Note:
This topic has been translated from a Chinese forum by GPT and might contain errors.
Original topic: 一个tikv节点gc worker cpu参数在几分钟内持续达100%,同时延迟高QPS低是这个参数高问题导致的吗?
【TiDB Usage Environment】Production Environment / Testing / PoC
【TiDB Version】3tikv 3pd 3tikv
【Reproduction Path】For a few minutes, the GC WORKER CPU of one tikv node reached 100%, during which latency increased and QPS decreased. Is the 100% GC WORKER CPU the reason for the increased latency and decreased QPS at that time? As shown in the figure:
【Encountered Problem: Problem Phenomenon and Impact】
【Resource Configuration】Go to TiDB Dashboard - Cluster Info - Hosts and take a screenshot of this page
【Attachments: Screenshots/Logs/Monitoring】
What is the configuration of the KV node?
How many CPUs does TiKV have? Just one GC worker occupying a CPU would affect other threads, wouldn’t it…
Could it be a mechanical hard drive?
If one slows down, what about the cluster configuration resources, if they are low?
64GB 32 cores solid-state drive
Take a look at the Thread CPU section in the TiKV monitoring. Check the other threads at the corresponding time point. I suspect it’s not just one GC thread that’s high; there should be other threads that directly maxed out the CPU at that time.

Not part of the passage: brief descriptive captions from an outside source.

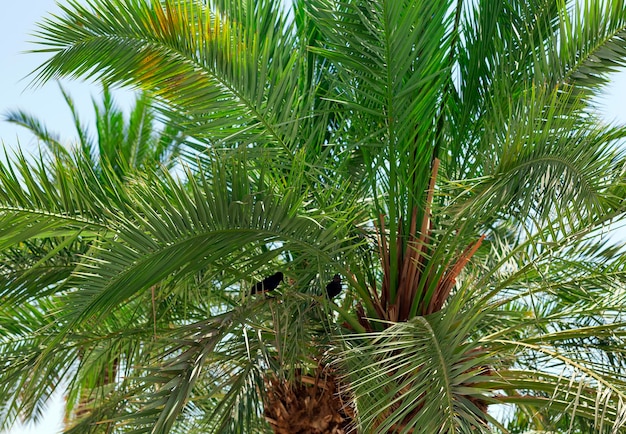 Date palms trees with green large leaves against the backdrop of blue sky Beautiful landscape palm tree close up Green palm branches in the sky background with copy space summer design template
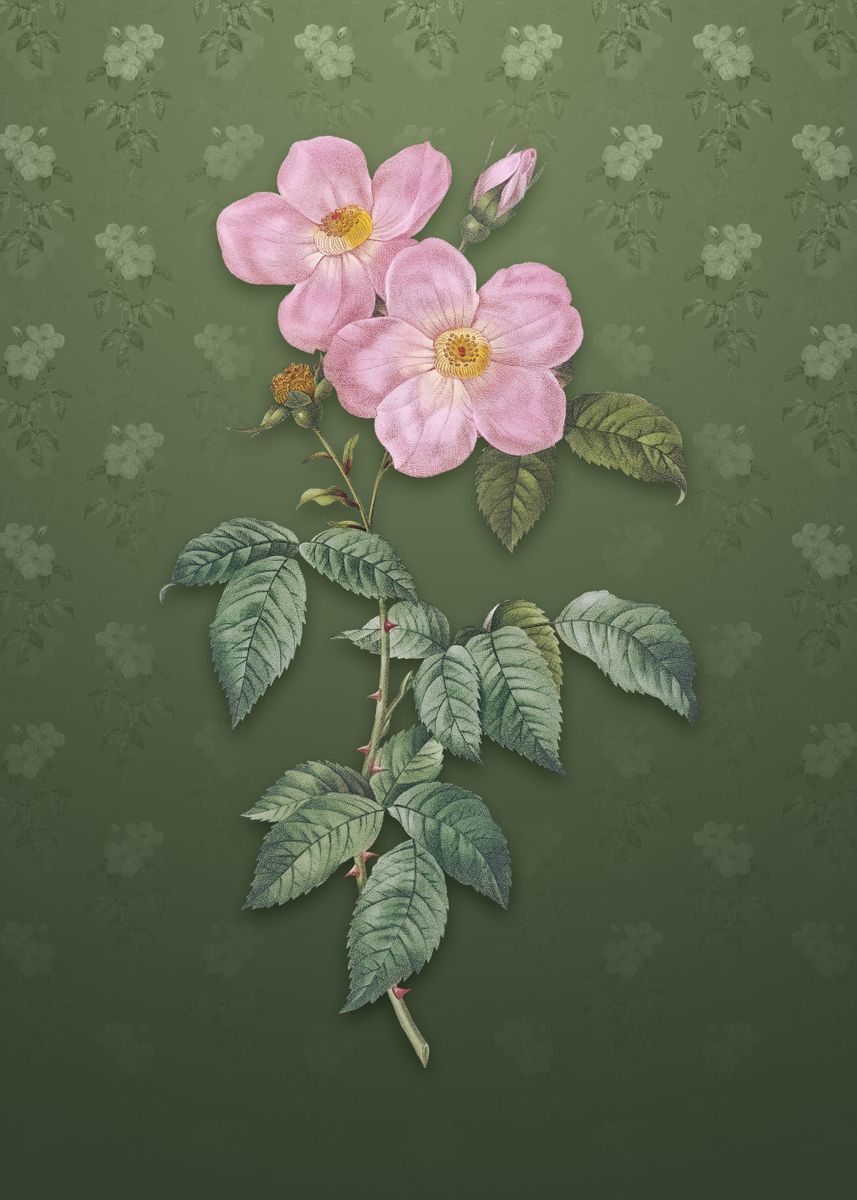 'Tea Scented Roses Bloom' Poster, picture, metal print, paint by Holy ...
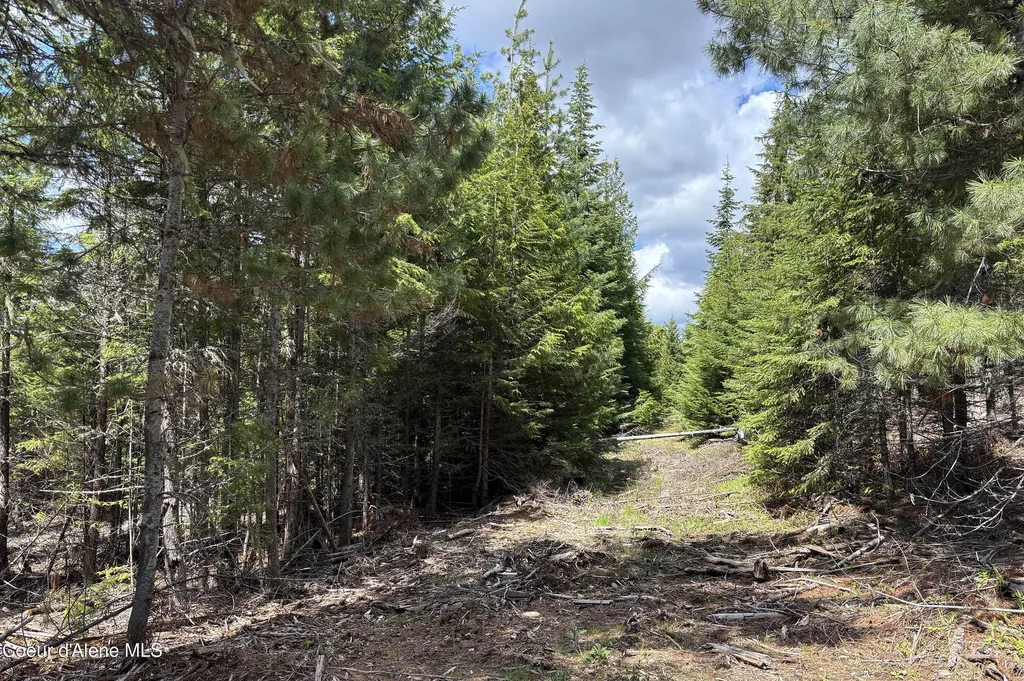 900 Rising Hawk Ridge Sandpoint ID 83864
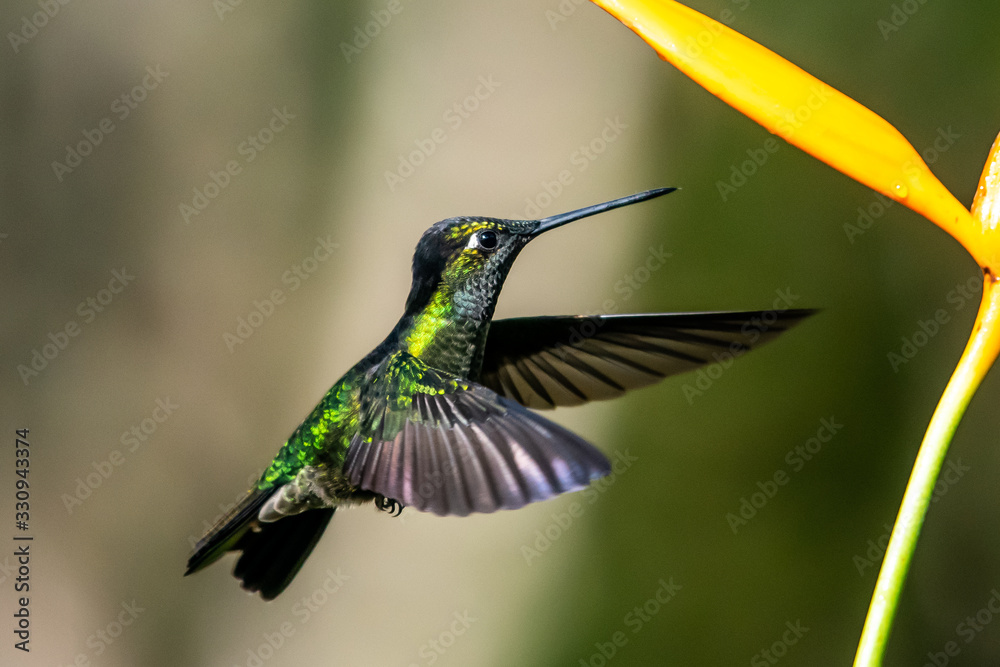 Fototapeta premium Blue hummingbird Violet Sabrewing flying next to beautiful red flower. Tinny bird fly in jungle. Wildlife in tropic Costa Rica. Two bird sucking nectar from bloom in the forest. Bird behaviour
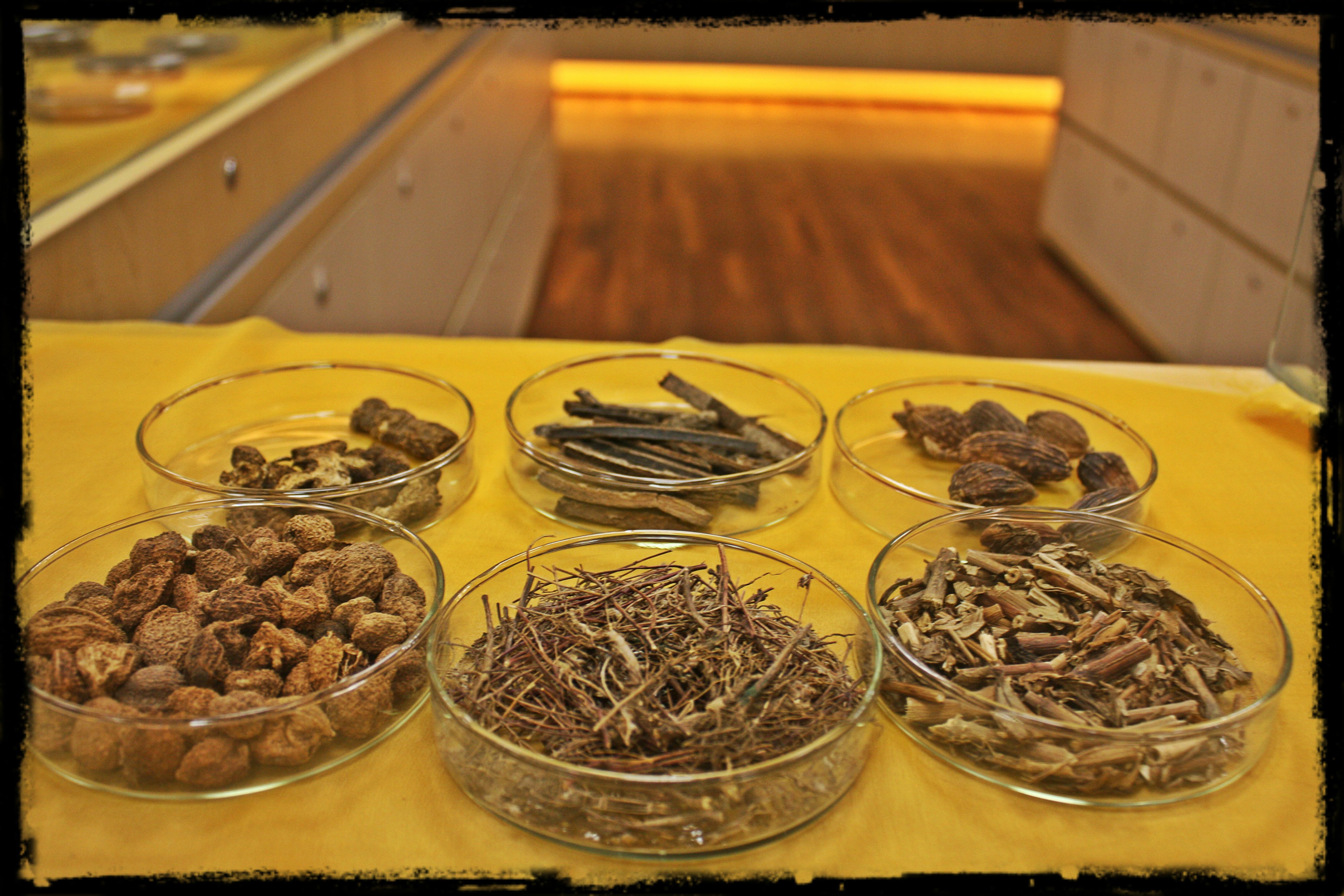 祛湿药 Dampness-resolving Herbs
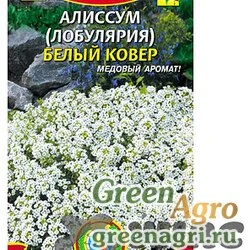 Семена пакетированные Алиссум (лобулярия) Белый ковер   Плазма Ц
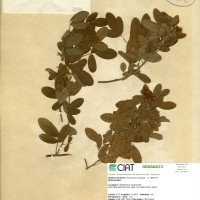 3956 herbarium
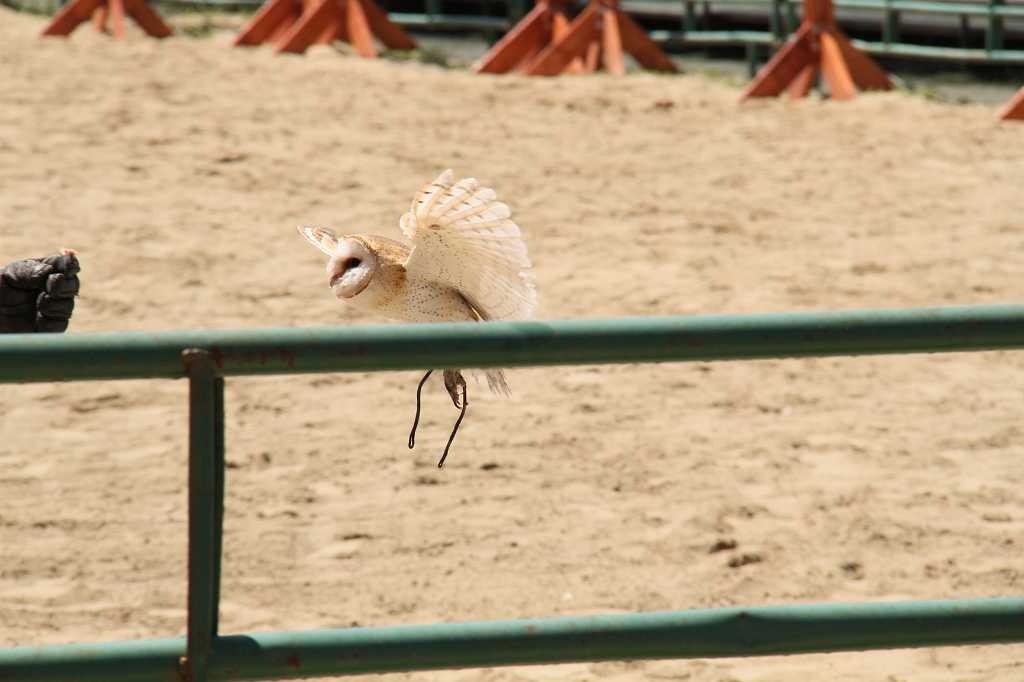 IMG_0731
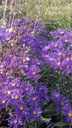 Assortiment aster floraison automnale - La Pépinière d'Agnens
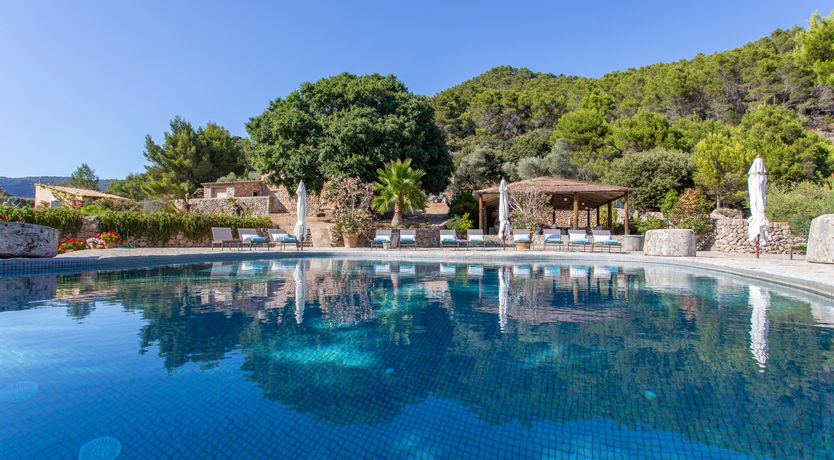 Photo of Palma Olive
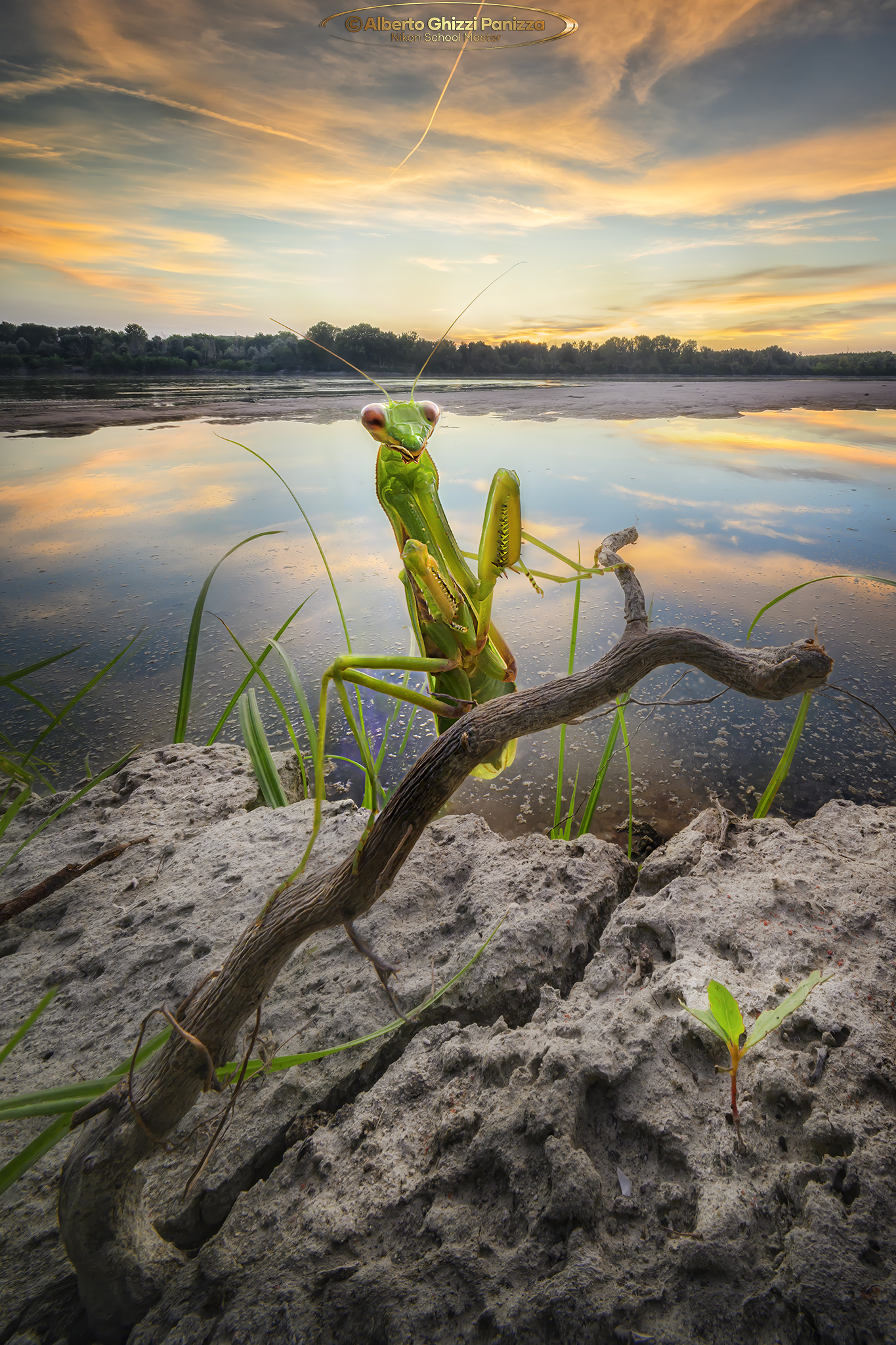 Even the mantises enjoy the beautiful sunsets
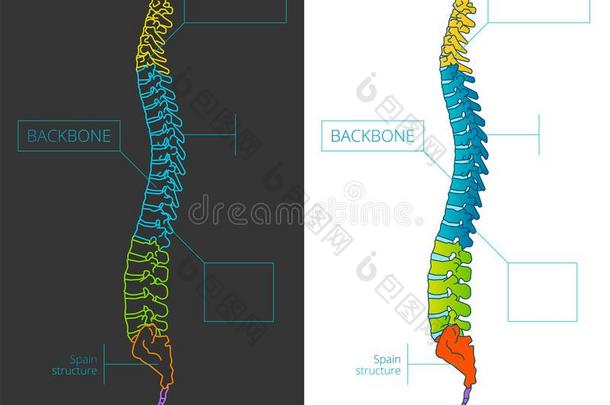 脊柱骨头矢量详细的说明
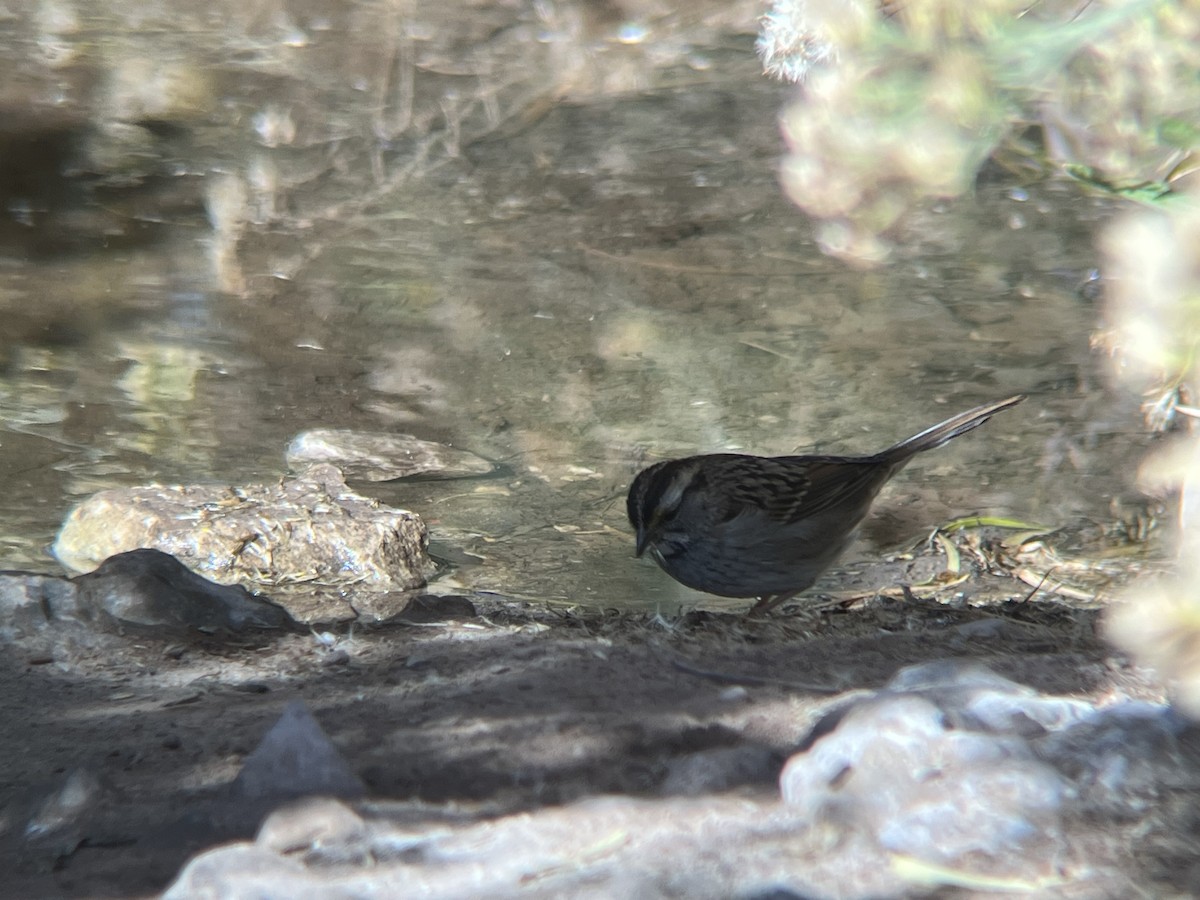 strnadec bělohrdlý - ML644871611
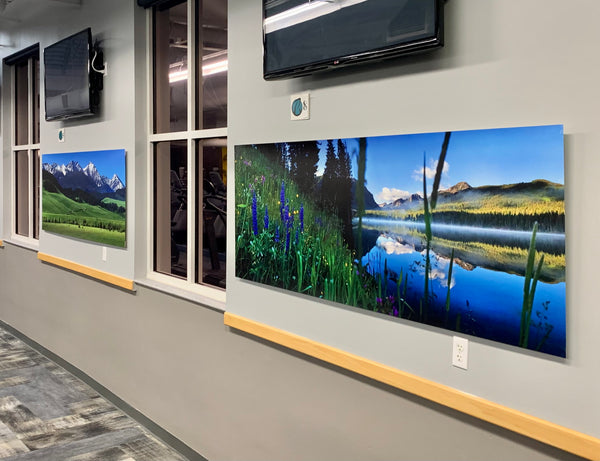 "Spring Grazing" Ready to hang - 80"x30" frameless - changeable print - ready to hang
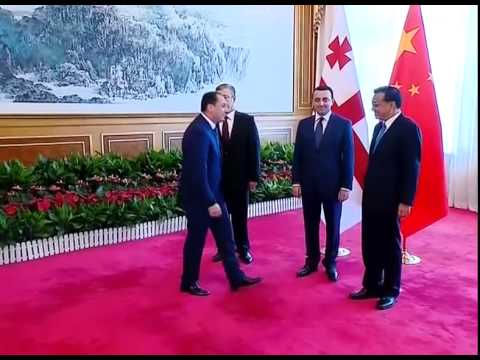 შეხვედრა ჩინეთის პრემიერ–მინისტრთან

GC generally doesn’t consume much resources, there might be other issues.
32C means consuming one C, leaving 31…
The latency is not high. You can check the resource utilization and slow queries of all servers during that time period.
The 100% in the picture refers to the thread, one CPU is fully utilized, I think it’s because TiKV is slow. Check the tikv-details > Thread CPU > Unified read pool CPU to see if TiKV read is fully utilized.
Is it a hybrid deployment?
No, they are all deployed separately.
Is the tikv_gc_life_time
set to 360h (15 days) a temporary change, or has it always been like this?
tikv_gc_safe_point
20230903
tikv_gc_last_run_time
20230918
There is too much GC data. Extend the monitoring period and see if there is a similar situation in 30 days.
Was the tikv_gc_life_time
set to 360h (15 days) temporarily, or has it always been like this? It used to be 3 months, then it was gradually changed to 15 days, and recently it was changed to 1 day. This situation started about a week ago, it wasn’t like this before.